I am probably overdoing it (somewhat), but have you seen patients chained to beds in Third World countries? Well, we don’t do it. We make our patients wear pyjamas! Congratulations!

So, that’s my answer. I think, pyjamas have nothing to do with clinical need, with ‘helping the patient’, with keeping the patient safe. It is only to do with disciplining the patient. With keeping patients identifiably in line. And that’s precisely why I object to it. And I am very pleased to have made clear. And I am also very happy to get a few hundred notifications for a  longer thread in which I am called names, insulted, patronised. After all, I soooo don’t understand.

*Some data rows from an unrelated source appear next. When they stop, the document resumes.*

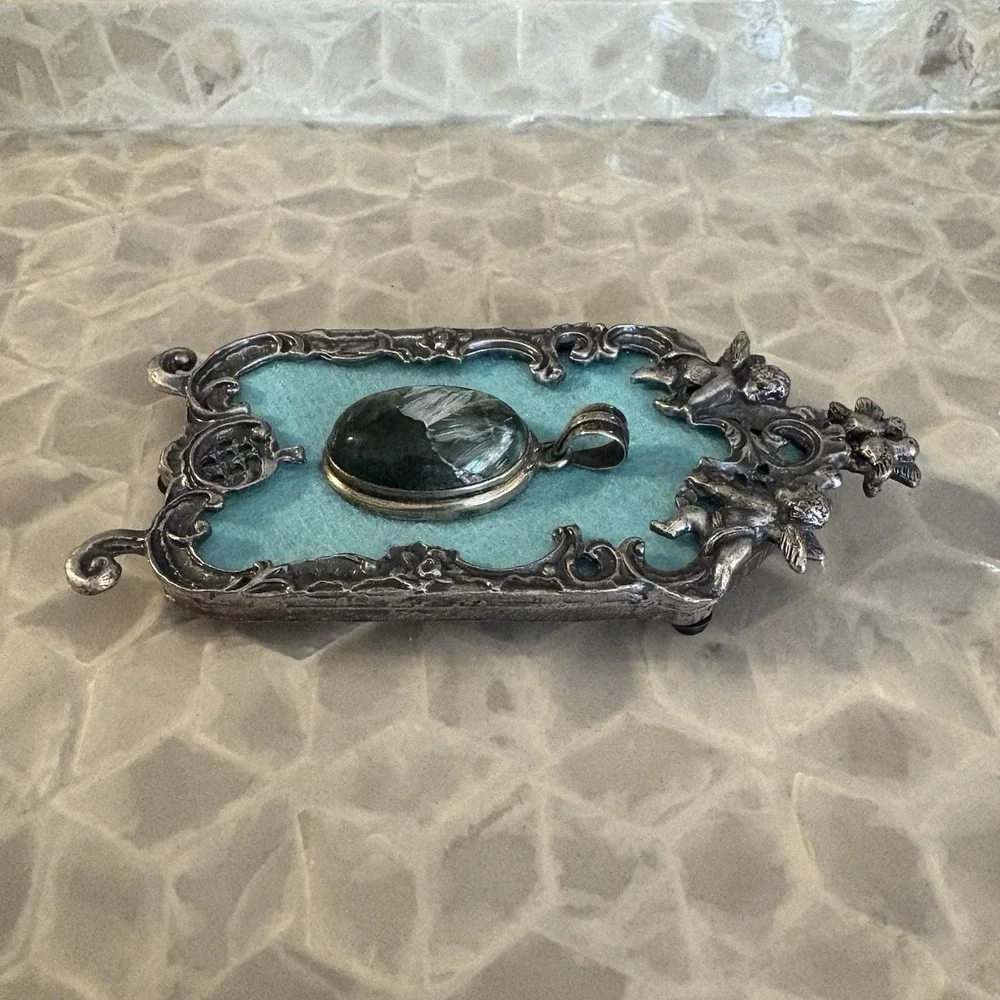 Vtg Handmade Mounted Pendant Framed Wall Hanger Cherub Decor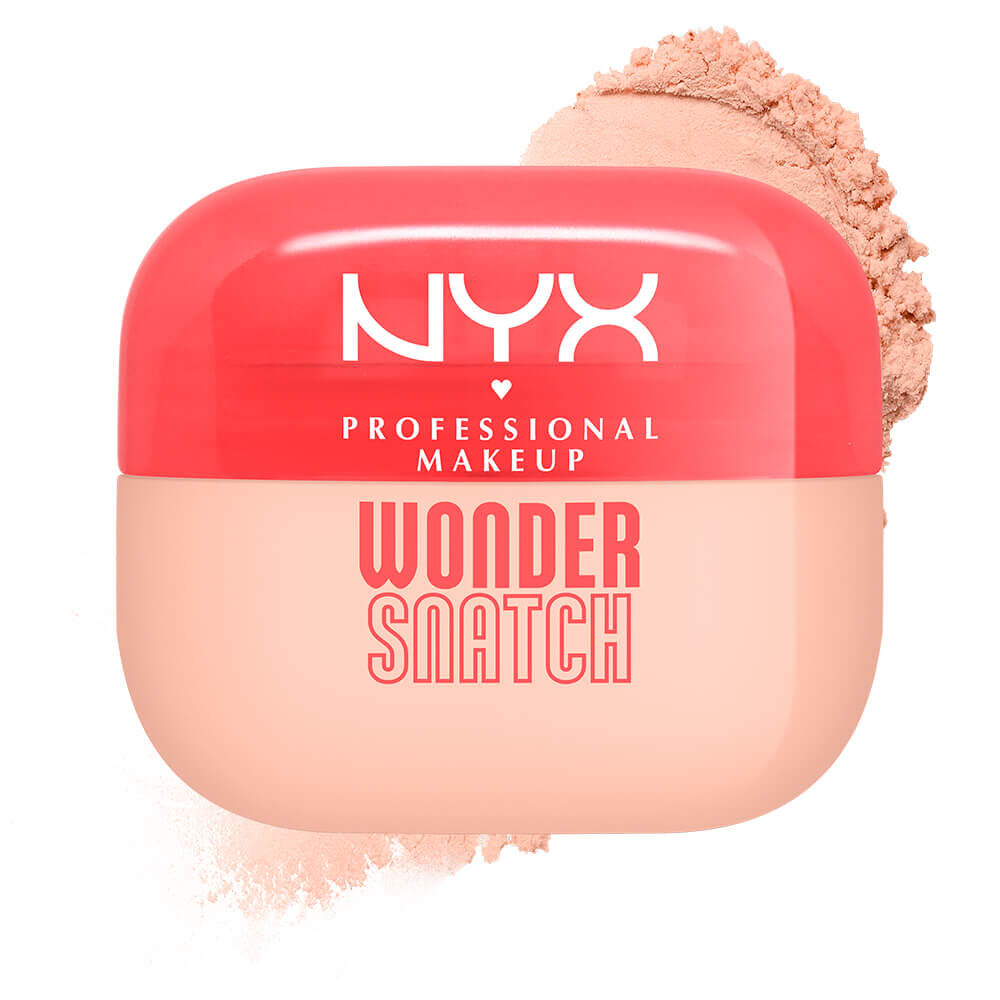 Confezione di cipria in polvere libera NYX Professional Makeup Wonder Snatch, con tappo rosso corallo e base beige, circondata da polvere chiara.
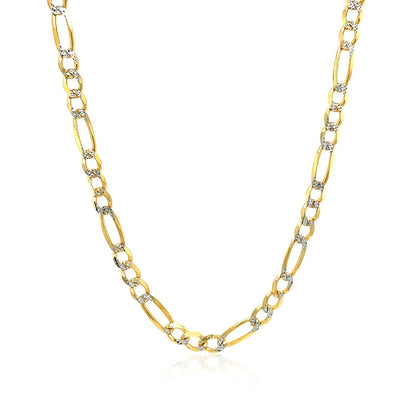Cadena Figaro de pavé maciza de oro amarillo de 14K y 4.0 mm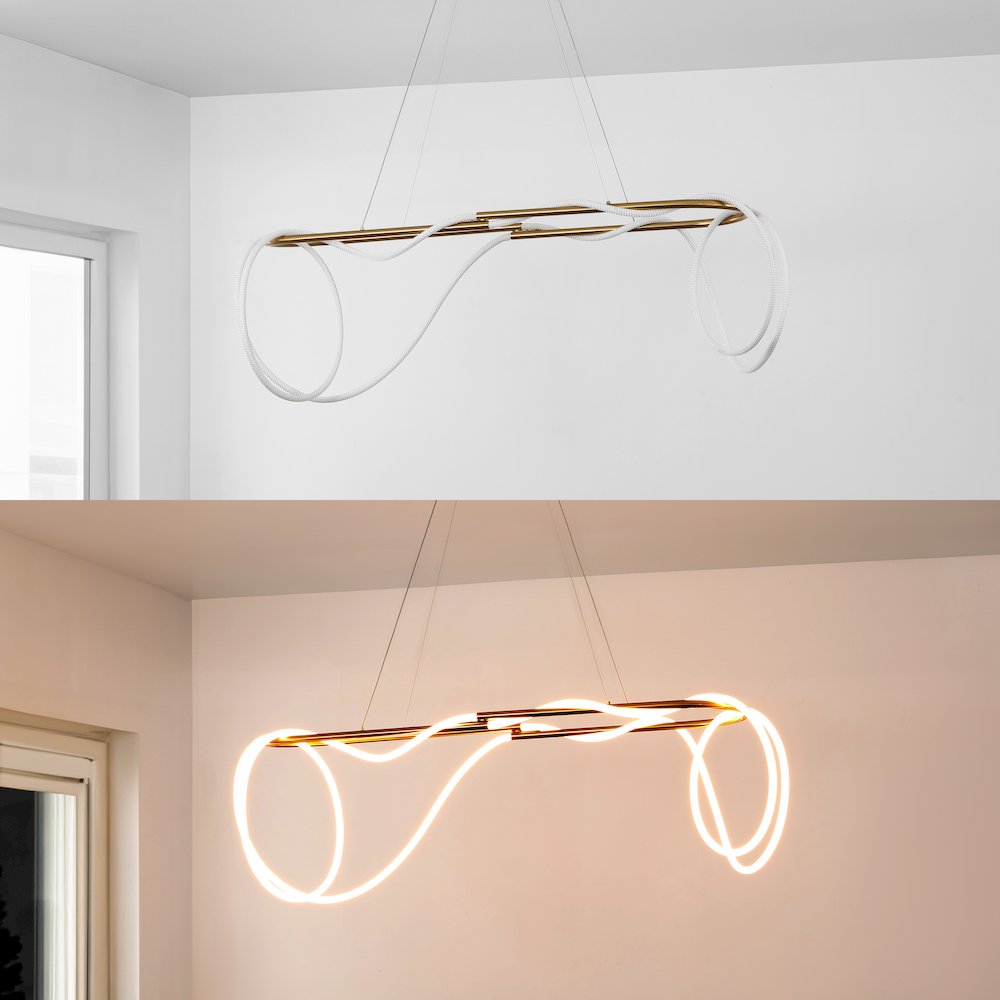 Contemporary Adjustable Silicone Rope Metal Dimmable Integrated LED Chandelier. Picture 2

But let me finish with something positive. When I was an intern, one of the things I heard a number of times, was nurses moaning that they had had to run after families who would get the patient to change into their pyjamas and take their day clothing. The doctors on the ward were adamant that patients did not need pyjamas. Just like they did not need their temperature taken every morning. There were two reasons. One was that adult people tend not to spend their days in pyjamas. The other was to get them to change in the morning. You know, you get up, wash, and dress. A semblance of normal life.

I am not a clinician (gosh, don’t I know it after, by now, 300 patronising tweets?), but it really does make sense to me.